Prospective monitoring for alloimmunization in cord blood transplantation: "virtual crossmatch" can be used to demonstrate donor-directed antibodies.

Publication Type:

Journal Article


Transplantation, Volume 87, Issue 3, p.415-8 (2009)


2009, Adolescent, Adult, Aged, Algorithms, Child, Child, Preschool, Clinical Research Division, Cord Blood Stem Cell Transplantation, Histocompatibility Testing, HLA Antigens, Humans, Infant, Isoantibodies, LEUKEMIA, Middle Aged, Monitoring, Physiologic, Mycosis Fungoides, Myelodysplastic Syndromes, Sensitivity and Specificity, Treatment Failure, Treatment Outcome, Young Adult


Preformed host antibodies may contribute to graft rejection after hematopoietic stem-cell transplantation.
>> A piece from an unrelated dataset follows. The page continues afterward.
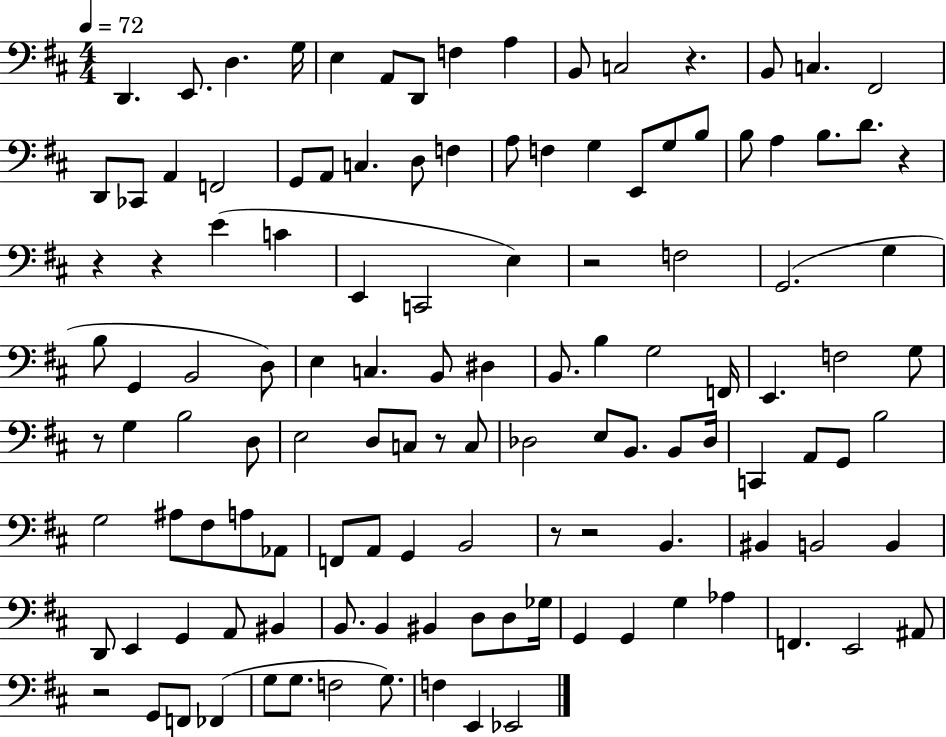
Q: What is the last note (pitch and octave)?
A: Eb2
In cord blood transplantation (CBT), donor-directed host antibodies may be particularly relevant because patients are often markedly mismatched to donors, and limited donor cells preclude cross-matching. The recent development of single human leukocyte antigen (HLA) microbead array assays allows characterization of host alloreactivity to individual HLA antigens with sufficient sensitivity and specificity to allow consideration of "virtual crossmatch" testing as a surrogate for conventional crossmatch testing in the CBT setting. We report results of prospective monitoring for alloimmunization in our recent CBT experience. Among 46 consecutive patients, four patients (9%) (5 of 88 units [6%]) had evidence of at least moderate antibodies to HLA antigens on cord units originally selected for transplantation. Virtual crossmatch can be used to screen for donor-directed antibodies in CBT. As possible, units should be changed to avoid sensitized mismatches.